但他怀里的温度正在流逝。那具本就单薄的身躯,正在以肉眼可见的速度变得透明,仿佛下一秒就会化作无数光点,消散在这片刚刚经历过浩劫的虚空之中。
“钟涣。”裴晏的声音很轻,带着他自己都没有察觉到的颤抖,“钟涣,你看着我。”
钟涣抬起头。
那张苍白的脸上,依旧挂着那个虚弱的笑容。他的眼神已经开始涣散,却还是努力聚焦在裴晏脸上,仿佛要将这张面容刻进灵魂深处——如果他的灵魂还能留存的话。
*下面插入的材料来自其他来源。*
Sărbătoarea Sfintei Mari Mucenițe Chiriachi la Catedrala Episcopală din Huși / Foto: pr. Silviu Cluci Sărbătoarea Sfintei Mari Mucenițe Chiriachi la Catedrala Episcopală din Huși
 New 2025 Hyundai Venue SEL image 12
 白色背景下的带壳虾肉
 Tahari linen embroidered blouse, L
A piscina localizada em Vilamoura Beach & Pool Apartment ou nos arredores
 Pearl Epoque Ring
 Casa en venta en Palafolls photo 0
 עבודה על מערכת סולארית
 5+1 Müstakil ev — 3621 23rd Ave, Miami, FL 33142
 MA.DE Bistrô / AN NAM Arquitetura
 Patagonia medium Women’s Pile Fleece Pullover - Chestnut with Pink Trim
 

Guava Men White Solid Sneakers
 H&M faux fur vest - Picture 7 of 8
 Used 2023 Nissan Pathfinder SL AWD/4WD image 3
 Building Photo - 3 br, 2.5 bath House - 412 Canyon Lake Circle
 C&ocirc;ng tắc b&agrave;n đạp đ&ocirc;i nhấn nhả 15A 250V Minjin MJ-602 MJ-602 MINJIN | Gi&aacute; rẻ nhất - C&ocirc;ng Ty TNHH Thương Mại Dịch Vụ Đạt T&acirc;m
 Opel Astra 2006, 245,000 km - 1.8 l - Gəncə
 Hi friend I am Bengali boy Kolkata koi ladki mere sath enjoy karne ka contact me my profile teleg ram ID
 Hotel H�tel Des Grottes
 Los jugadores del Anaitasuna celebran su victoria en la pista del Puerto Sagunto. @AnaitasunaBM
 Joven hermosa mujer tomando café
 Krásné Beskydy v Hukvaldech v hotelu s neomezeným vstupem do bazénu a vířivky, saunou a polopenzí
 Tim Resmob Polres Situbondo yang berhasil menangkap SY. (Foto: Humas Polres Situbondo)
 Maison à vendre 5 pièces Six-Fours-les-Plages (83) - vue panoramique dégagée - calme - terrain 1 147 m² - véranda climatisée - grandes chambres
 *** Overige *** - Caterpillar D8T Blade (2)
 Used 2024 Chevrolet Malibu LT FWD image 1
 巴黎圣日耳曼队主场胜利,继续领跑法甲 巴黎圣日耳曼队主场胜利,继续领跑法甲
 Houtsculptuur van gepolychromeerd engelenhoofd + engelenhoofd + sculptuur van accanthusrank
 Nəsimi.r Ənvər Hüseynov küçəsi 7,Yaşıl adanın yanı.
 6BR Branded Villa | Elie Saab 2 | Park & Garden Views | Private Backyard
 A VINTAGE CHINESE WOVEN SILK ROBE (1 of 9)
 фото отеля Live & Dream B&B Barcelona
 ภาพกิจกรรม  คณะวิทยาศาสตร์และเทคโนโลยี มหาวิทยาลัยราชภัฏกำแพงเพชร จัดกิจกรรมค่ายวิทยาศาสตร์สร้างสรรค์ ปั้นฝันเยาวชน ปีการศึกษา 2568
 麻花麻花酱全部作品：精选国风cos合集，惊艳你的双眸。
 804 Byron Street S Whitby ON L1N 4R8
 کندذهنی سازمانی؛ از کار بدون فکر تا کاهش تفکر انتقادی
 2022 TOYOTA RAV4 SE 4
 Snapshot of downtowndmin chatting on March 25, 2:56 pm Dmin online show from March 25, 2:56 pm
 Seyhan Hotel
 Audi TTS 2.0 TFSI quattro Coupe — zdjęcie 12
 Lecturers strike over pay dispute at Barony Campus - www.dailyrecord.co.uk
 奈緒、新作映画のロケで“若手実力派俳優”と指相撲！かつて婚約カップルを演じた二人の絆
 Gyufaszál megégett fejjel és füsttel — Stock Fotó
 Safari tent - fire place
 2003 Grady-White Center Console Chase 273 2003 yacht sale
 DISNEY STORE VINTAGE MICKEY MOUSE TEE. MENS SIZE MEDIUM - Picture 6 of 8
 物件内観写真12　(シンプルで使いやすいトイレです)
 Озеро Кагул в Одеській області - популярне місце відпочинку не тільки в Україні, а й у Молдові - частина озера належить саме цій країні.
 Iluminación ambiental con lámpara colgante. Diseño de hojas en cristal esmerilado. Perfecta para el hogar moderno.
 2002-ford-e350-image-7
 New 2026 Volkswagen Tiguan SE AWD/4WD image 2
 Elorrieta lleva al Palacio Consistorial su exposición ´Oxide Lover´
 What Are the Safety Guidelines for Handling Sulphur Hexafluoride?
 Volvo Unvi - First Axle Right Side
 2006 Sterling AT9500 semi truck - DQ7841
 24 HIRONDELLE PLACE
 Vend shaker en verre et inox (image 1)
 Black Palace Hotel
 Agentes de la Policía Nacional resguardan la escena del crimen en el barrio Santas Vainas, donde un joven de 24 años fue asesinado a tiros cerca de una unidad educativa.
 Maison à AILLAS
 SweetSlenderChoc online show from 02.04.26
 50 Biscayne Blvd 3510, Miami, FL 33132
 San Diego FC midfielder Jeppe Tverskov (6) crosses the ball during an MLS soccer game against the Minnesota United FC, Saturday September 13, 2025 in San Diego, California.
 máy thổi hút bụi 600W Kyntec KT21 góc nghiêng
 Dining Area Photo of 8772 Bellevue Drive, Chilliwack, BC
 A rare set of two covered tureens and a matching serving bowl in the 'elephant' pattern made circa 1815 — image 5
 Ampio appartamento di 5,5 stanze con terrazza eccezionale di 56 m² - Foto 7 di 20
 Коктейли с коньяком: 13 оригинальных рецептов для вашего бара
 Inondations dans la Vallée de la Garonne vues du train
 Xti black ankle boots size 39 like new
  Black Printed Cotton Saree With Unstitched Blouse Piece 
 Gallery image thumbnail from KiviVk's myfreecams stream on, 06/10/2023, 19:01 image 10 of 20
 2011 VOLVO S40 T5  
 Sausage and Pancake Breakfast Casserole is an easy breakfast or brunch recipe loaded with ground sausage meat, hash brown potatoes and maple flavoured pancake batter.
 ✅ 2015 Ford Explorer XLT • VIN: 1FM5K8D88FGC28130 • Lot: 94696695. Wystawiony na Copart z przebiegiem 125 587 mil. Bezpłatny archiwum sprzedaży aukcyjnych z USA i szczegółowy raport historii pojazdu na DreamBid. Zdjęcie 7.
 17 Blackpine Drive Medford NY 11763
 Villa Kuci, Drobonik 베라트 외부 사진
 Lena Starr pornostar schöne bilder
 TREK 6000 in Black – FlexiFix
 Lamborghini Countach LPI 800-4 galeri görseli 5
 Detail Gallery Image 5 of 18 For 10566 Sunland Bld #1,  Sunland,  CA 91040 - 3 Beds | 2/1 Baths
“别……别这副表情。”他的声音沙哑得几乎听不清,“我还没死呢。”
裴晏没有说话。他只是将人抱得更紧,仿佛这样就能阻止那正在发生的崩解。
但没用。
钟涣的指尖已经开始化作细碎的光点,如同星尘般飘散。那些光点落在裴晏的衣襟上,落在两人交握的手上,落在脚下银色的光海中,瞬息湮灭。
“不……”裴晏的声音第一次出现了裂痕,“不行。你不能——”
“裴晏。”
钟涣的手抬起,轻轻覆在他的唇上。那只手已经透明了大半,但触碰的感觉依旧温热,带着裴晏熟悉的温度。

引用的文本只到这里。